Exercise goal >> Using the entries below, copy exactly each line from the line with "May include: A" up to and including the line with "Homme au chapeau", with every picture left out.

Data provided >>
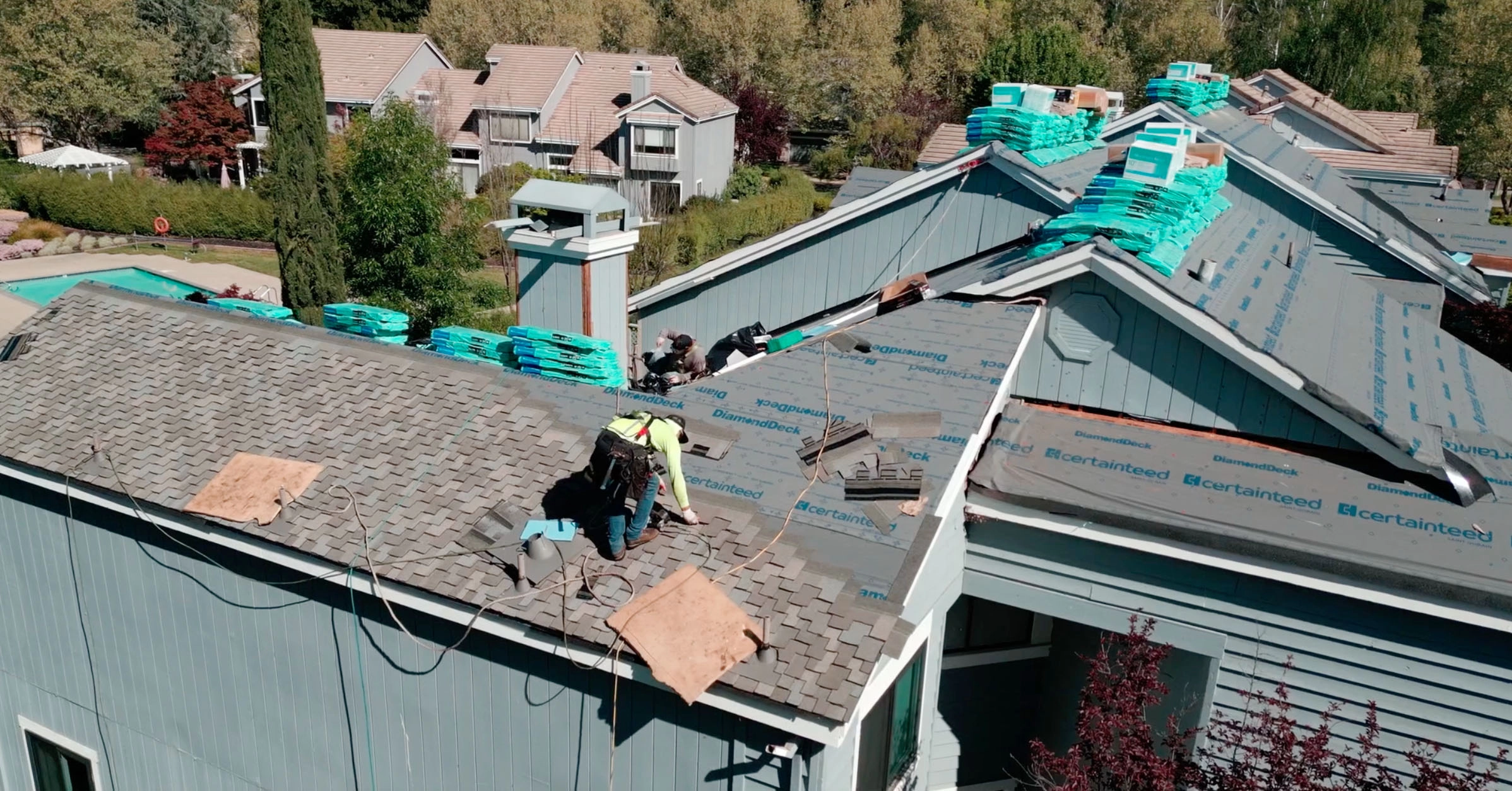 This image showcases a freshly installed asphalt shingle roof on a single-family house. The clean, uniform shingles indicate a high-quality roofing job, with neat alignment and secure placement. The photograph highlights the craftsmanship and attention to detail from Acme Roofing Services Inc., demonstrating their expertise in residential roofing solutions. The roof design features multiple slopes and dormers, adding architectural interest while providing effective water drainage. This image showcases a freshly installed asphalt shingle roof on a single-family house. The clean, uniform shingles indicate a high-quality roofing job, with neat alignment and secure placement. The photograph highlights the craftsmanship and attention to detail from Acme Roofing Services Inc., demonstrating their expertise in residential roofing solutions. The roof design features multiple slopes and dormers, adding architectural interest while providing effective water drainage.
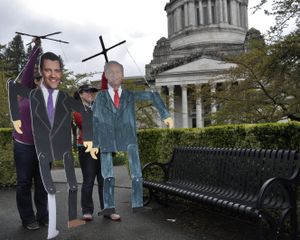 OLYMPIA -- Supporters of NARAL try to send a message to Sens. Joe Fain and Dino Rossi on Thursday, April 20, to support funding for Planned Parenthood and "not be a puppet" to conservative Republicans who are looking to cut it. (Jim Camden/The Spokesman-Review)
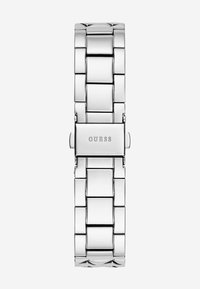 Srebrna kovinska ura z bandem s poliranim zaključkom, z povezanim dizajnom in pravokotnim sponko z vgraviranim imenom blagovne znamke "GUESS".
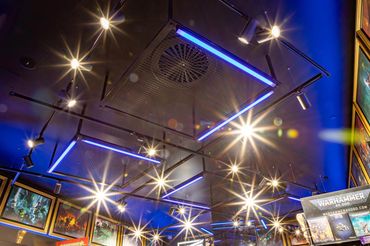 Retail feature black ceiling with black perforated metal panels, track lighting and blue tube light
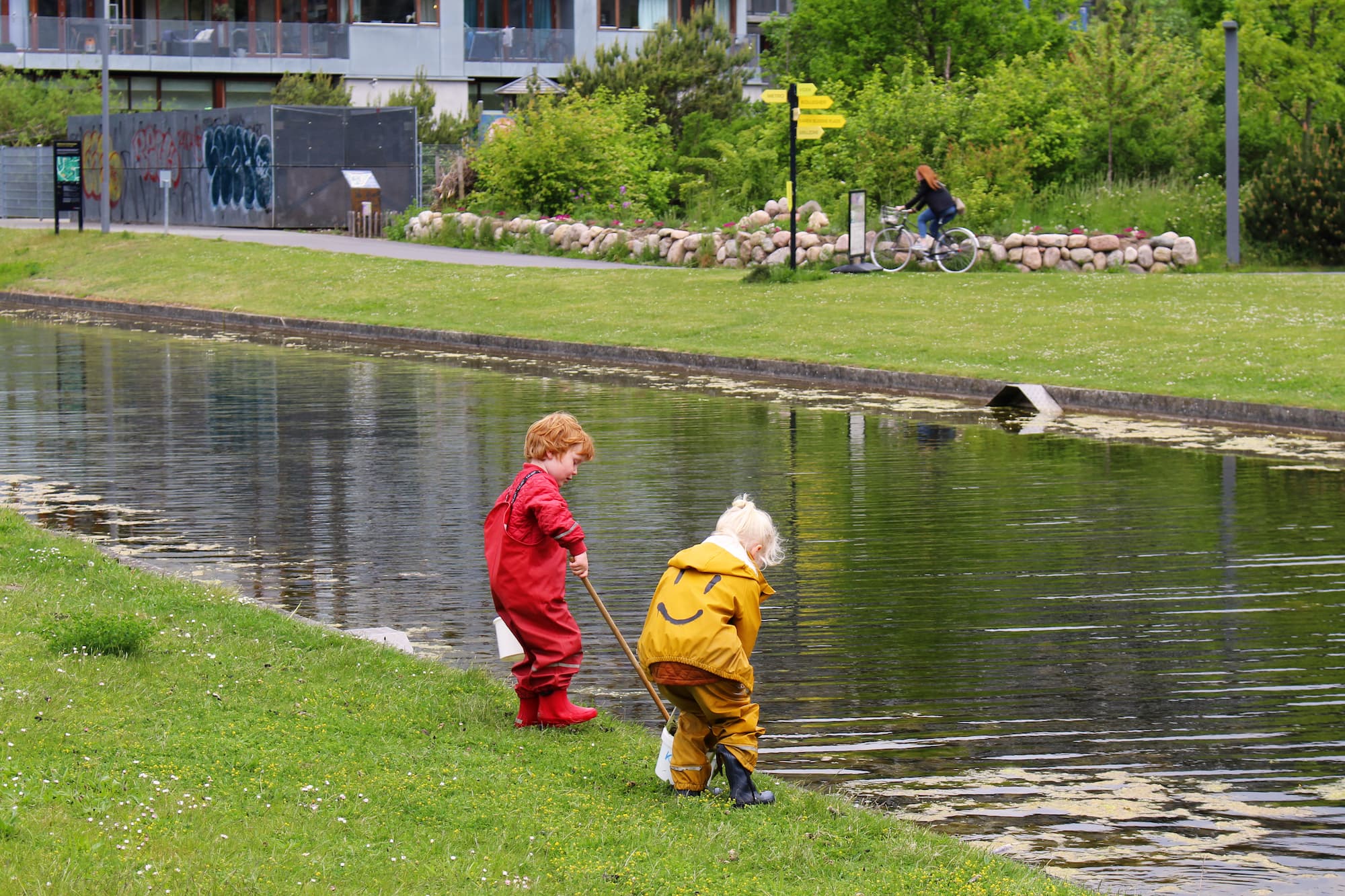 Naturdag i Ørestad Nord. To børn undersøger dyrelivet i Den Landskabelige Kanal på Grønningen ved hjælp af grej fra parkens Naturcontainer.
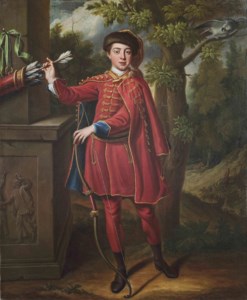 Portrait of a huntsman, full-length, in a red and gold embroidered cloak in a wooded landscape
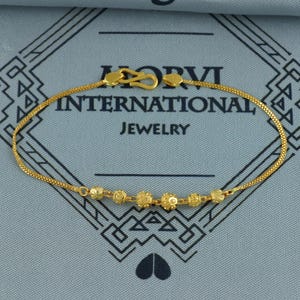 May include: A gold-colored bracelet with a delicate chain and a series of decorative beads. The bracelet features a hook clasp and is displayed against a gray background with the text "HORVI INTERNATIONAL JEWELRY".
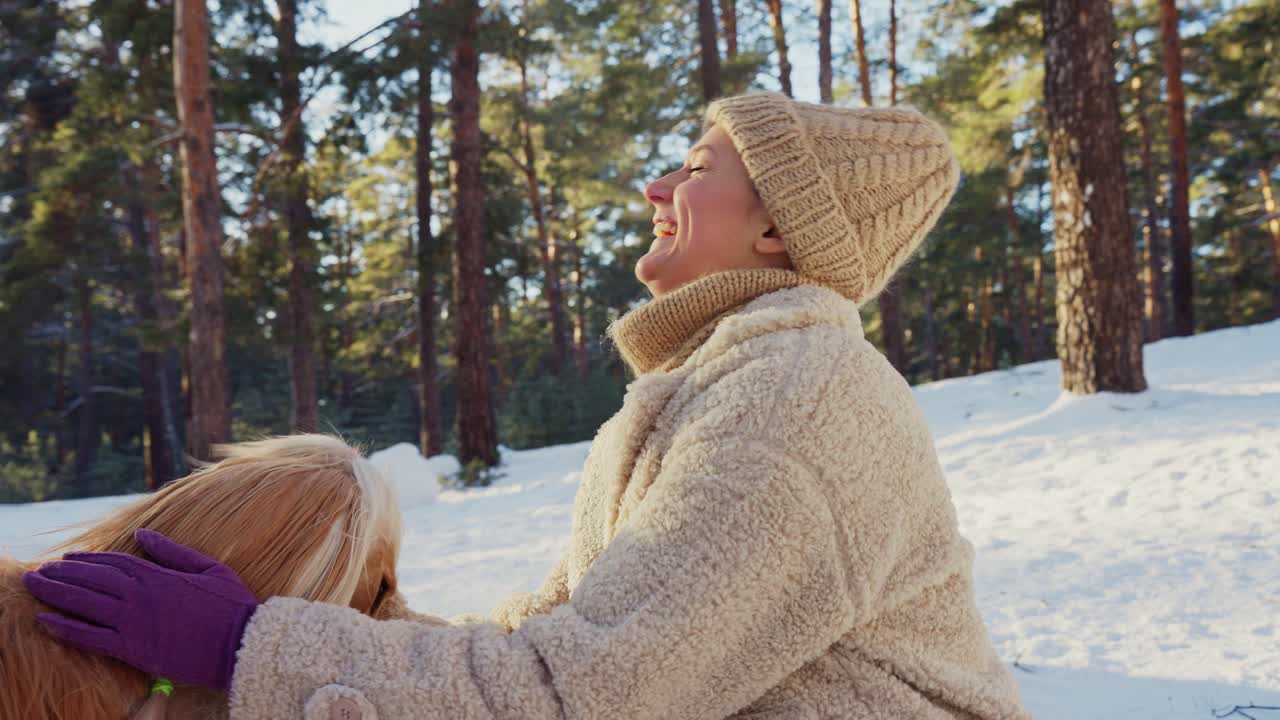Woman and her Dog in a Snowy Forest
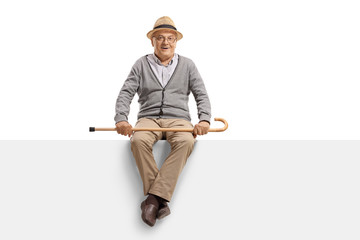 Wall Mural - Senior man sitting on a blank billboard panel and holding a walking cane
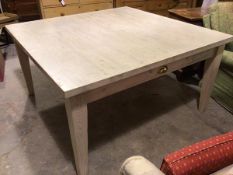 A bleached pine square top kitchen dining table fitted frieze drawer to each side, raised on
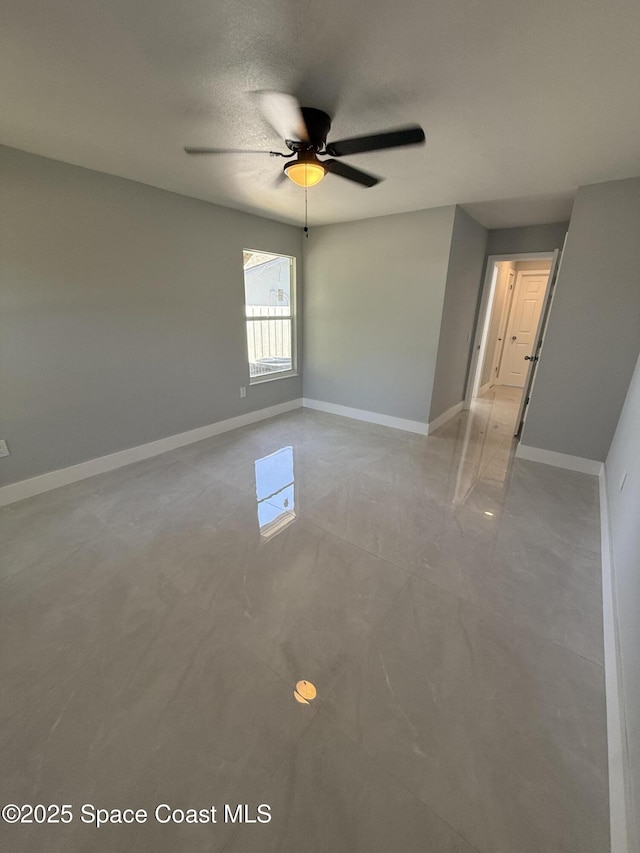 unfurnished room featuring light tile patterned flooring, ceiling fan, and baseboards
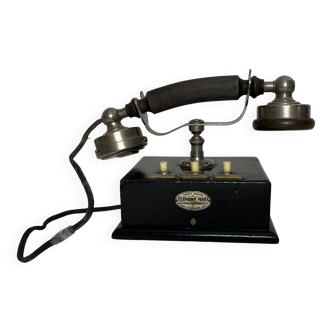 Ancien téléphone de bureau en bois noirci et bakélite vers 1900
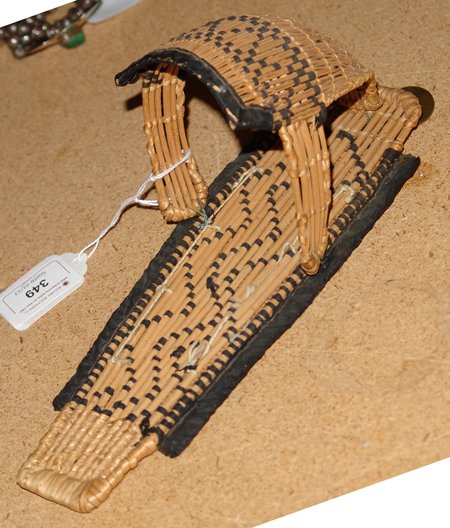 Basketry Toy Cradle: 1930s, Paiute basketry toy cradleboard. Good condition. 3-1/2" x 10"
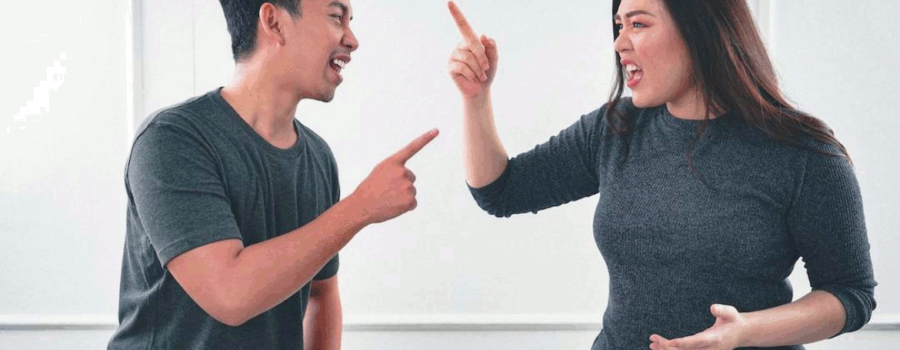 A man on the left and a woman on the right that are pointing at each other while they argue. This photo is used on www.becomingstoic.net in an article called "Retaliation and Anger".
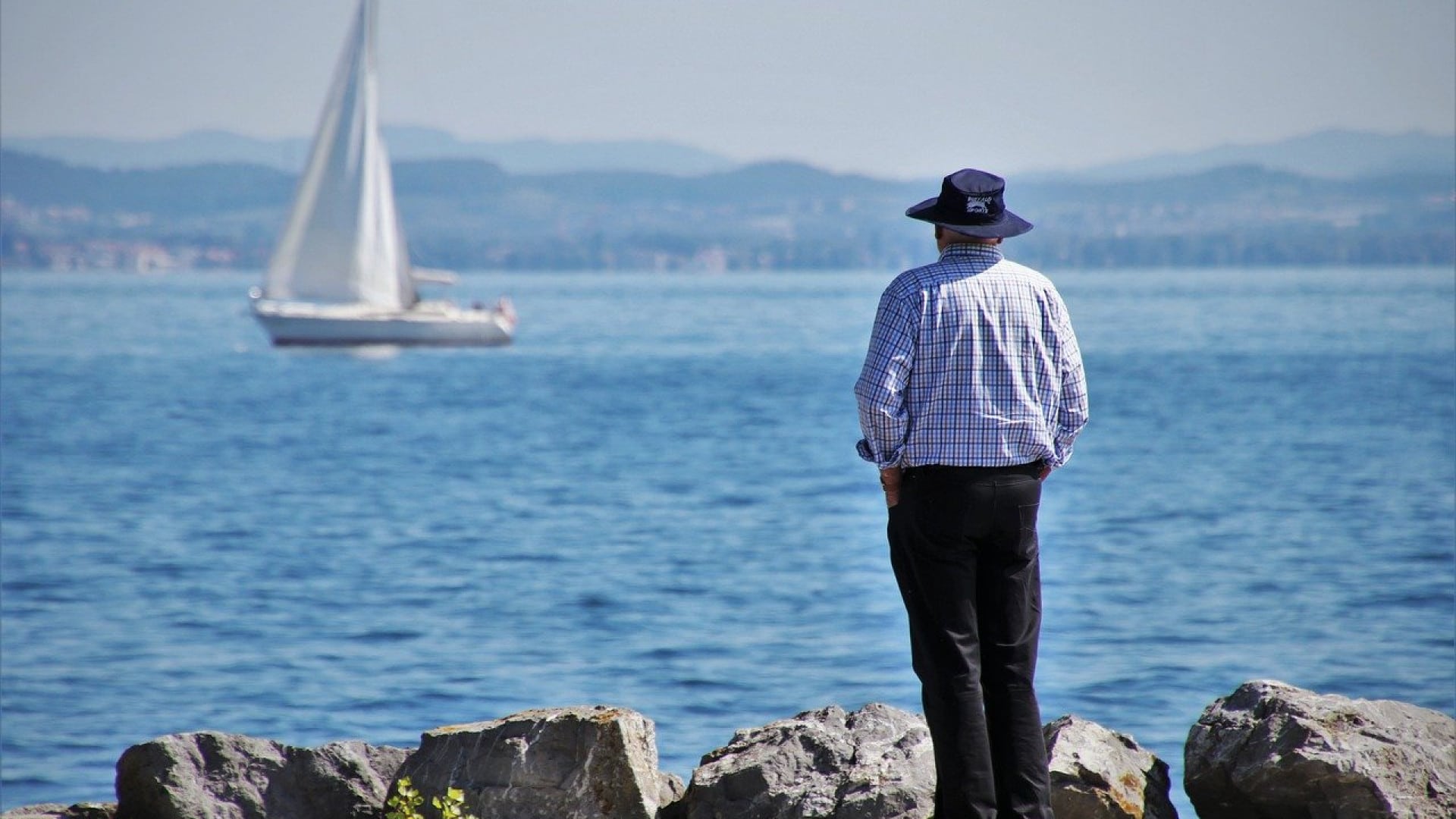 Homme au chapeau debout sur des rochers et observant un voilier sur l'eau.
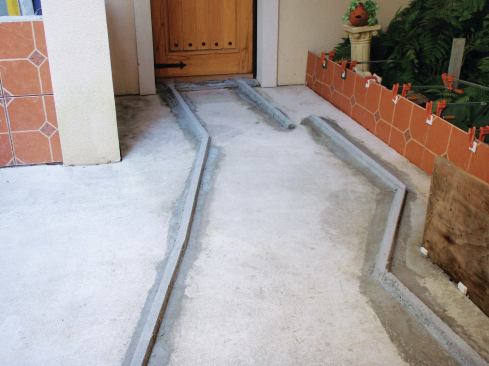 To set the slope of the mortar bed, the author created mortar screeds. The one on the left will help form a drainage swale. A third screed (not shown) runs along the left side of the path, all the way to the gate.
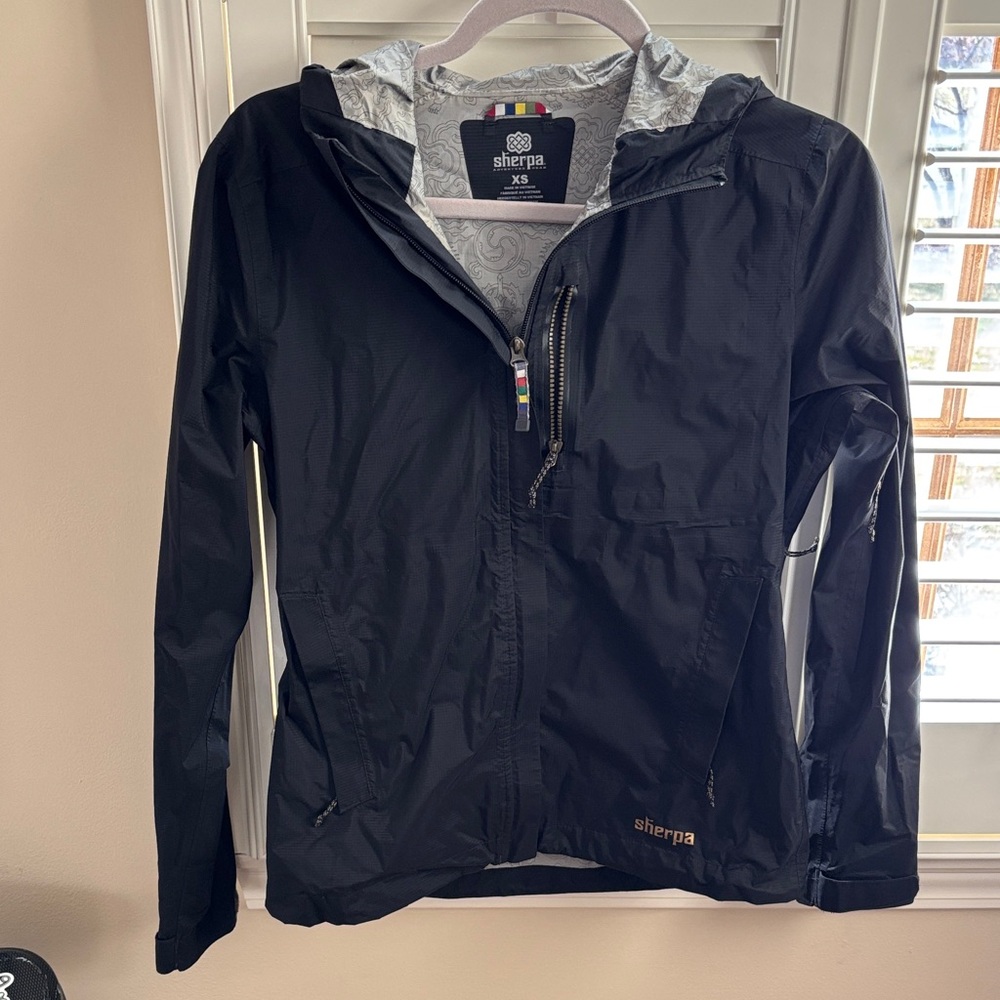 Sherpa adventure gear rain jacket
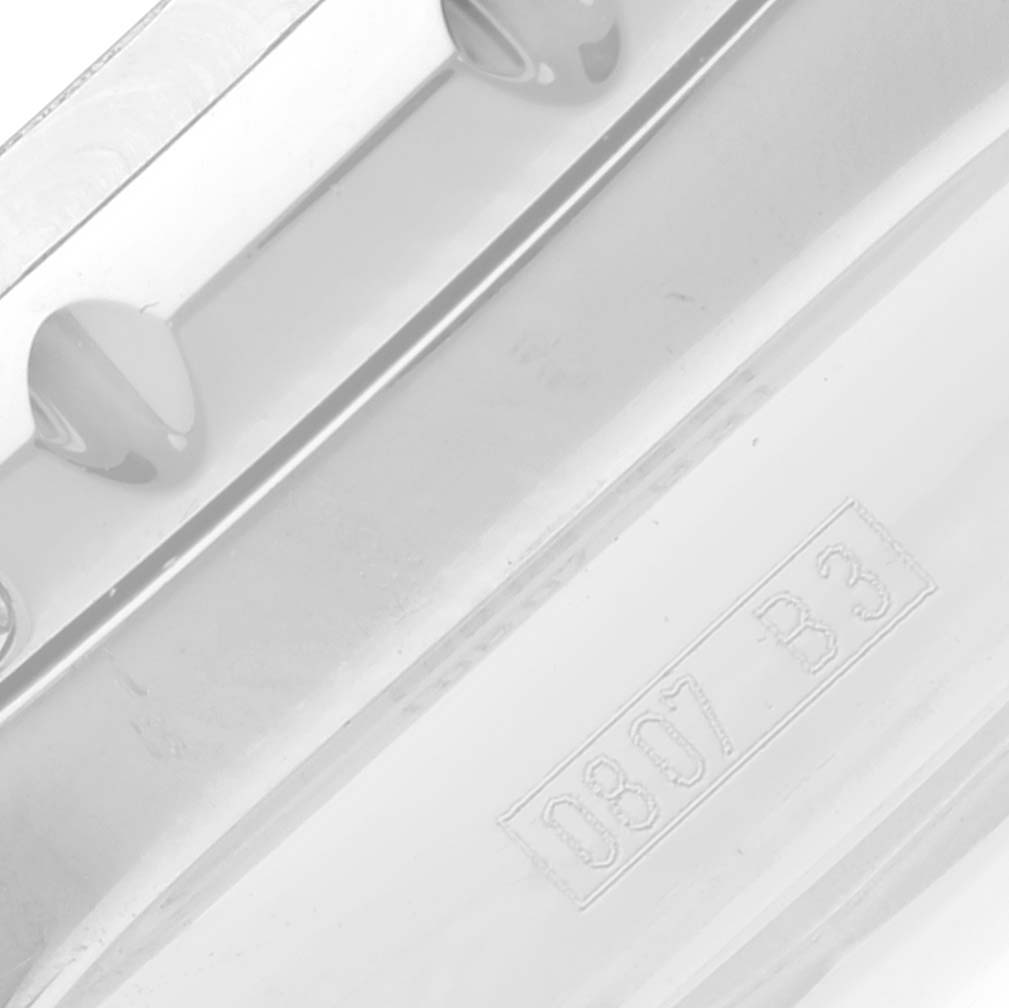 This image shows a close-up view of the bezel for the Bentley model by Breitling, focusing on its texture and engraved markings.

Response area >>
 May include: A gold-colored bracelet with a delicate chain and a series of decorative beads. The bracelet features a hook clasp and is displayed against a gray background with the text "HORVI INTERNATIONAL JEWELRY".
Woman and her Dog in a Snowy Forest
 Wall Mural - Senior man sitting on a blank billboard panel and holding a walking cane
 A bleached pine square top kitchen dining table fitted frieze drawer to each side, raised on
 unfurnished room featuring light tile patterned flooring, ceiling fan, and baseboards
 Ancien téléphone de bureau en bois noirci et bakélite vers 1900
 Basketry Toy Cradle: 1930s, Paiute basketry toy cradleboard. Good condition. 3-1/2" x 10"
 A man on the left and a woman on the right that are pointing at each other while they argue. This photo is used on www.becomingstoic.net in an article called "Retaliation and Anger".
 Homme au chapeau debout sur des rochers et observant un voilier sur l'eau.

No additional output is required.